Half subsidy enough to improve diabetic retinopathy screening rates
A financial incentive that is approximately at half-subsidy of diabetic retinopathy screening (HKD 150) seems to maximize screening uptake, a new Hong Kong trial has found.
The researchers recruited 105 general private practitioners who invited a total of 239 patients with diabetes mellitus. Patients were randomized to one of three screening groups with different fee subsidies: HKD 0 (full subsidy; n=78), HKD 150 (half subsidy; n=75), and HKD 300 (no subsidy; n=76). Outcomes were screening uptake and severity of diabetic retinopathy.
The rates of screening uptake were 81.3 percent and 79.5 percent in participants offered the half and full subsidies, respectively. In comparison, only 63.2 percent of the no-subsidy controls still underwent screening.
Compared to the lowest category of subsidy, both the full-subsidy (p=0.025) and half-subsidy (p=0.013) groups had significantly better rates of screening uptake.
Multivariate logistic regression analysis confirmed that half subsidy was significantly associated with a better uptake rate (odds ratio [OR], 2.31; p=0.039) relative to no subsidy.
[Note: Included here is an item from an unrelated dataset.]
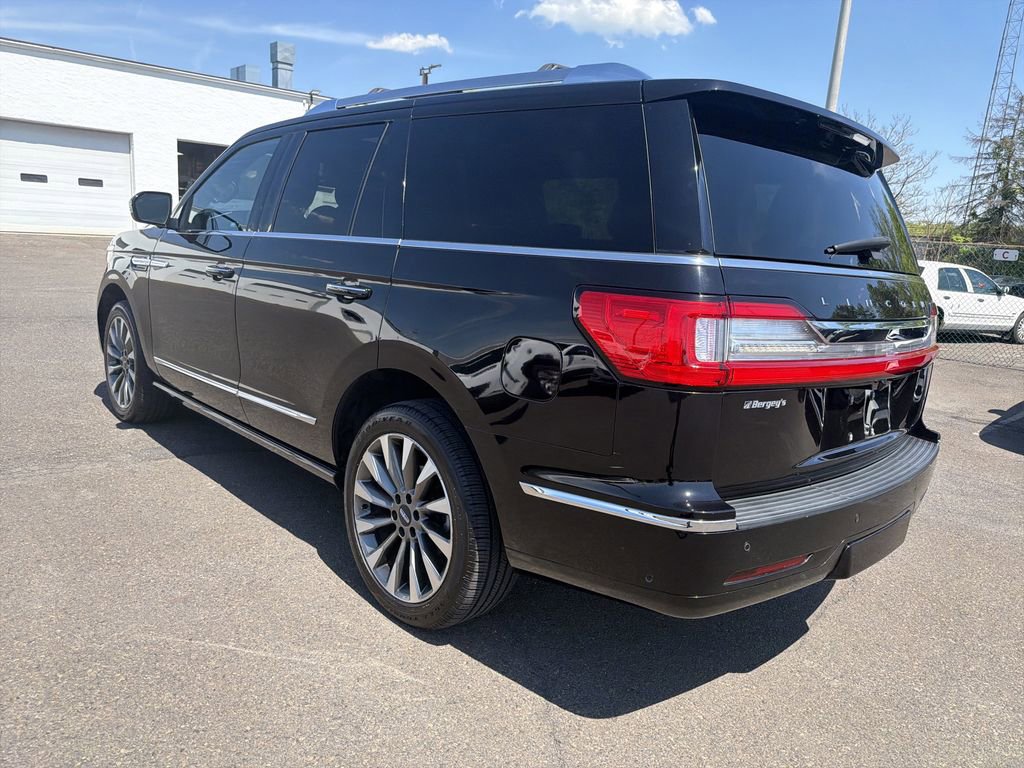 Used 2021 Lincoln Navigator Reserve w/ Luxury Package AWD/4WD image 3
Full subsidy, on the other hand, only marginally improved uptake rates (OR, 1.90; p=0.103). These analyses were adjusted for age, sex, family income, and other potential confounders.
Other notable predictors included the male sex, higher family income, and the belief that diabetic retinopathy screening is important.
“Considering the impact on uptake and the fact that subjects who accepted screening at HKD 300 would also accept HKD 150, a screening fee of HKD 150 (half-subsidization) should be a good compromise between financial sustainability and maximizing uptake of a screening strategy in the private sector,” the researchers said.